The synopsis of the opera The Consul is about a man on the run with his family heading towards a better life .
Because much of the first part of the opera is set in the consul's office where hundreds of immigrants are waiting to obtain visas, Cesar remembered the long hours sitting in the consul's office in Madrid with his mum.
"I went with my mother every day to the consulate for a whole year before we finally got a visa to the United States."
The Consul won Menotti 1950 Pulitzer Prize for Music and also the 1950 New York Drama Critics' Circle award for Best Musical.
"And for me it for me a performance I never forgot."
The family finally moved to the United States and settle in Dallas, Texas.

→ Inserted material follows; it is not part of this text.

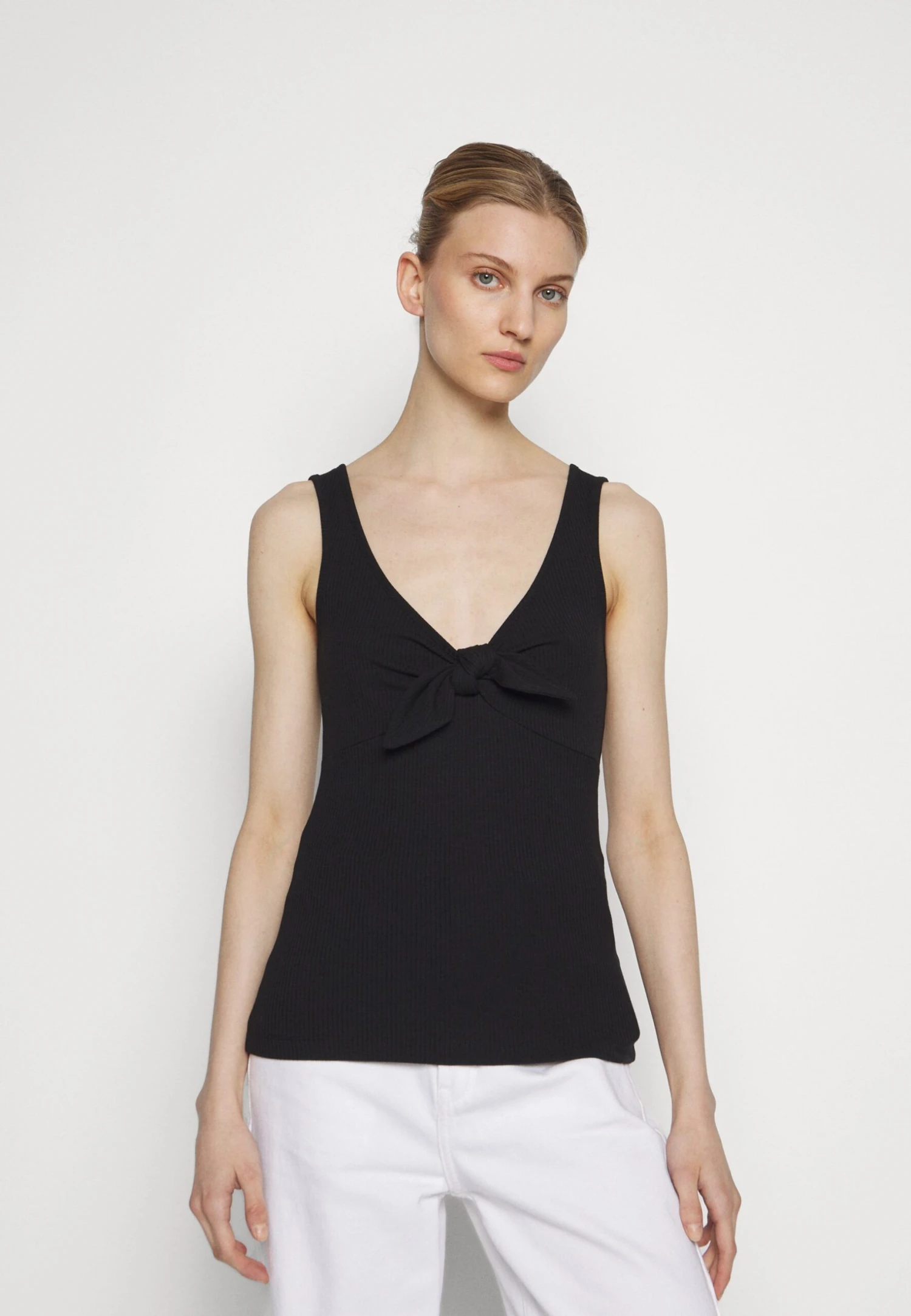 Anna Field Top - Black 1 Anna Field Top - Black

Cesar, now living in San Francisco, is one of the two international tutors at the New Zealand Opera School at Collegiate School in Whanganui.
It is his first time in New Zealand and already he is disappointed he can't stay longer and travel through the country but work beckons and he needs to be working the day after he arrives home.
Cesar, a man with warm brown eyes and a gentle smile, said he never started out to be a singer.
"I was very musical and played the piano and the trumpet I didn't really think about singing a lot."
But at school he was drawn into to being in the choir because it meant you got to go away on trips.
At one choir concert renowned American mezzo soprano Marilyn Horn was in the audience.
"She came backstage and told me she hear me very clearly throughout the performance and that I really should be singing seriously."
Cesar took her advice and never looked back.
He studied voice with great tenors Thomas Hayward and Franco Corelli.
And he has never forgotten being named winner of the American Opera Auditions at Carnegie Hall.
"I was among the finalists but when they were announcing the winners and by the runner up and I hadn't heard my name I left thinking well that was that and I gave it a good shot."
"I'm walking down the street and my teacher was running after me telling me to come back ...you've won , you've won, come back... he yelled.
"I ran back with him and ran up the aisle of Carnegie Hall so amazed I could hardly speak."
After singing solidly for 15 years with the Metropolitan Opera, New York City Opera, Washington Opera, Canadian Opera, L'Opéra de Monte-Carlo, Israel Philharmonic Orchestra, Boston Symphony, Milwaukee Symphony and The Cleveland Symphony, he decided the constant travel wasn't for him.
Today he is the Chair of the San Francisco Opera Center Merola and Adler programmes for young artists.
Two of the young artists in his programme are the Samoan Pati brothers Pene and Amitai (O Sole Mio).
His more than 30 students perform regularly on the major operatic and concert stages of the world.
Cesar is a master teacher and young up and coming singers excite him, he said.
"I love to teach and I am fortunate because I easily hear if there is a problem in a voice."
He said when the Pati Brothers came to him from the Cardiff Academy and master tutor Dennis O'Neill he actually questioned whether there was anything he could teach them.
"They both have God given voices. I am really just their guide."
Pene, he believes, is a young Pavarotti.
"He is about to sing his first major role of the Duke of Mantua in Rigoletto for the San Francisco Opera Company."
Cesar is a great friend of Dame Kiri Te Kanawa and works with her frequently in Britain and Wales.
"She is a great teacher and we both love to work with young voices."